Hey everyone, meet Angelina. She's probably going to be the leader of the global machine uprising à la The Matrix, but for now she's a bit of artificial intelligence that runs on a Mac server and spends her time making video games from scratch for us lowly humans.
Michael Cook, a Ph.D. candidate at Imperial College in the U.K., gave birth to Angelina which stands for "A Novel Game-Evolving Labrat I've Named ANGELINA," the most unfair acronym of all time.
Angelina breaks down various aspects of game development into sub-tasks, then creates them, then puts these colloquially named "species" back together into an entire game. It's created a ton of games, sometimes at the rate of one every ten minutes. Though many of them are unplayable, she's made some worthwhile titles that you can access here.
Every time she creates a new game, she does it from scratch using three "species" or sub-tasks.
The first is maps, which, as the name suggests, creates "passable and impassable areas." The second is layouts, which creates the entites in the world and defines the game player a.k.a. you. The third is rulesets, which decides how your obstacles will move (think Goombas in Mario).
And according to Cook, "Just like evolution in nature, the process isn't really conscious of the overall direction it's moving in.
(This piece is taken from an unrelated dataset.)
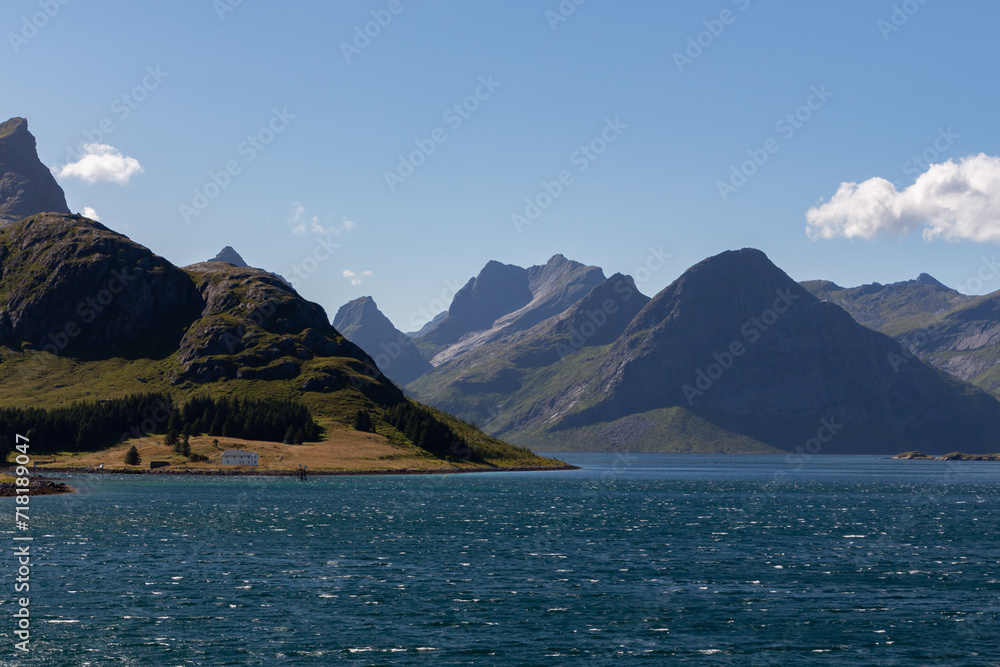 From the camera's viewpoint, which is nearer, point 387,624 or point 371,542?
point 387,624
At each step, Angelina has a set of games to consider, and all it has to do is choose the best of this set, and combine their features together to make a new set."
Though this only for games at the moment, the implications for A.I. could be huge and could influence mathematics and graphic design, among others.
Plus, who knows: handheld games are increasingly popular, and there's a chance one day Angelina or her children could make games for those.